The BBC report on an online mugging in Japan. The "crime" was commited by bots in RPG games - Life, stranger than fiction...

Police in Japan have arrested a Chinese student over the use of a network of software "bots" to steal items in an online role playing game (RPG).

and

However, for every improvement in bot detection, the bots themselves become more complex and more difficult to spot.

Seems a bit heavy though, arresting the dude, but maybe i dont understant the seriousness of RPG.

Comments

RPG is life

There are a subset of people out there who live for their online lives. There are entire black economies in online "credits", special items, "grinding" (paying someone to do the tediuos work of taking a brand new character up to high levels, so you can do "the fun stuff") and more that you just DON'T want to know about.

Did you know there is a Sims Online brothel? I wish I didn't...

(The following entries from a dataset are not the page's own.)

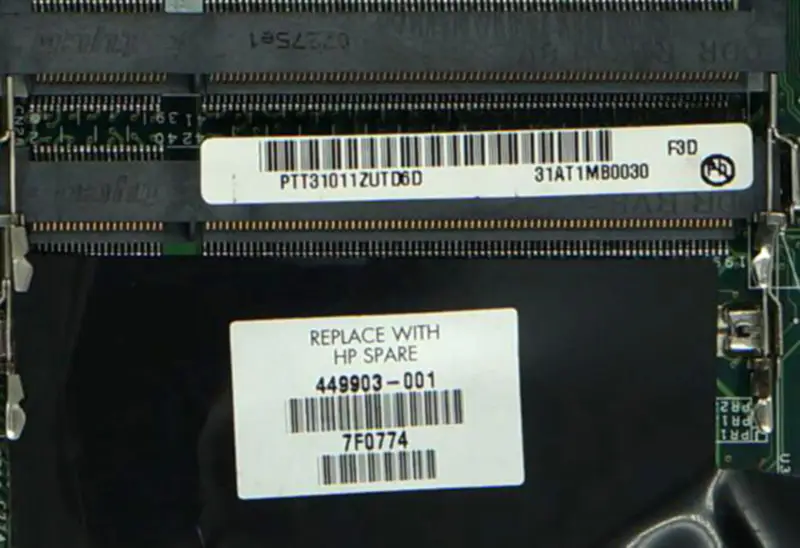 Płyta główna 449903-001 dla HP pavilion DV6000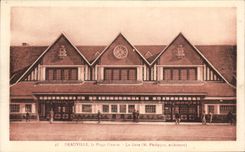CPA Deauville la Plage Fieure La Gare Philippot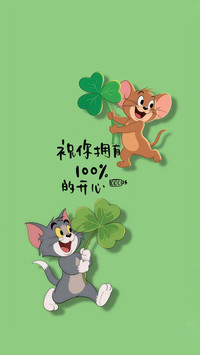 可爱卡通文字壁纸-锐景创意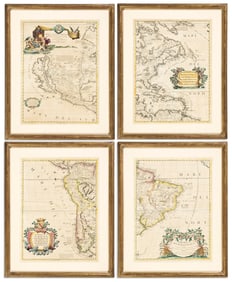 (AMERICAS.) Vincenzo Coronelli. America Settentrionale. [and] America Meridionale.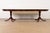 An exceptional Georgian or Regency style double pedestal extension dining table By Henkel Harris USA, 1978 Gorgeous book-...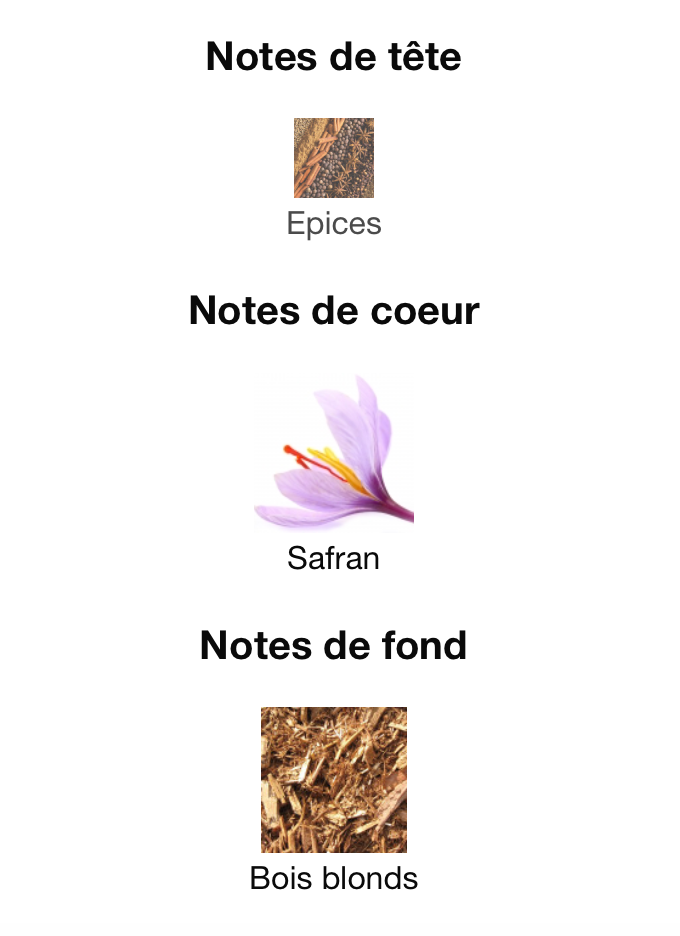 MAISON CRIVELLI Safran Secret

this is important because of the lack of laws

the full story is here http://news.bbc.co.uk/1/hi/technology/4165880.stm

Basically this exchange student used a bot to steal virutal items from players in an online game and then he sold them for money on auctions sites. If these were physical items it would be a clear case of theft. Since these are virtual items there is no law that clearly addresse the issue. This is another example of how the laws have not caught up with technology. In SEO there are many ways that you can sabotage your competition and there are no laws to stop you.

ps you can make good money dealing with the rpg people

strange...

http://news.bbc.co.uk/1/hi/technology/4165880.stm

Quote:
their items were then sold for cash on auction sites.

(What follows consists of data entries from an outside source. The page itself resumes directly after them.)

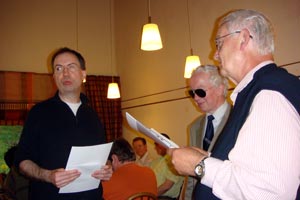 Der neue internationale offene deutsche Meister Andreas Ilic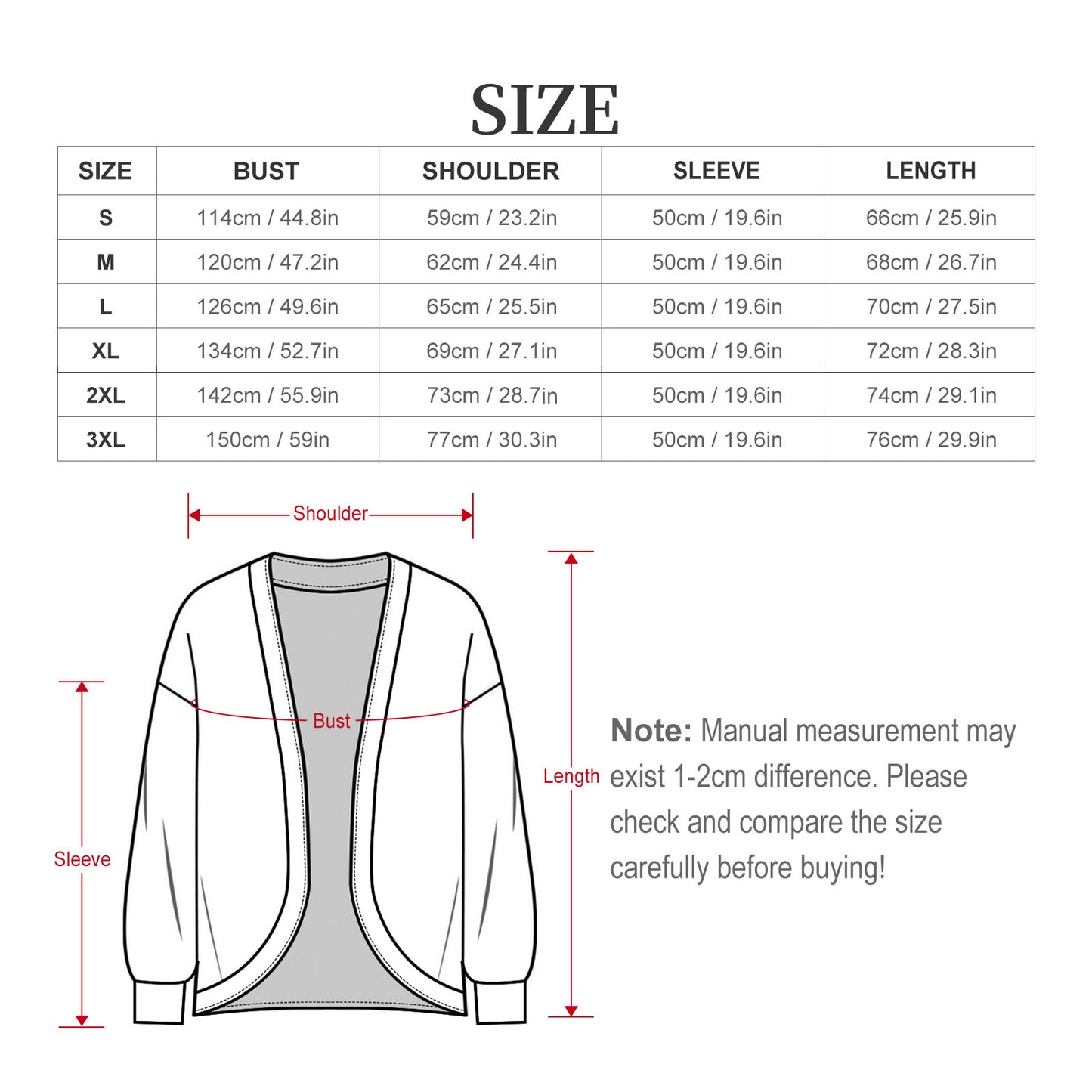 Traci K Luxury Designer Shoulder down long sleeved cardigan Women's Drop Shoulder Cardigan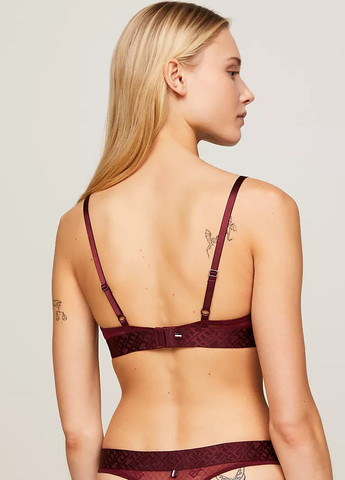 Бордовый демисезонный комплект (бюстгальтер, тусики) Tommy Hilfiger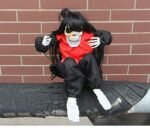 Ghost Halloween Decor Halloween Horror Props Electric Crying Little Ghost Toy Tricky Scary Crying Bar Decoration Haunted House Party Decoration, Light Music Halloween Decor - Image 3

I guess the owners of hte virtual items could sue for damages since the items seem to have some worth in the real world?

Quote:
Use of bots is a frequent problem in online gaming, and most game publishers have invested heavily in trying to eliminate them from their games.

Hmmm, mebee the game developers can make a case for damages.
Does seem somewhat ridiculous tho. If a bot killed someone's online character in a game, could a case be made for online murder?

The world get stranger every day.

>edit< beat me to it goodroi :)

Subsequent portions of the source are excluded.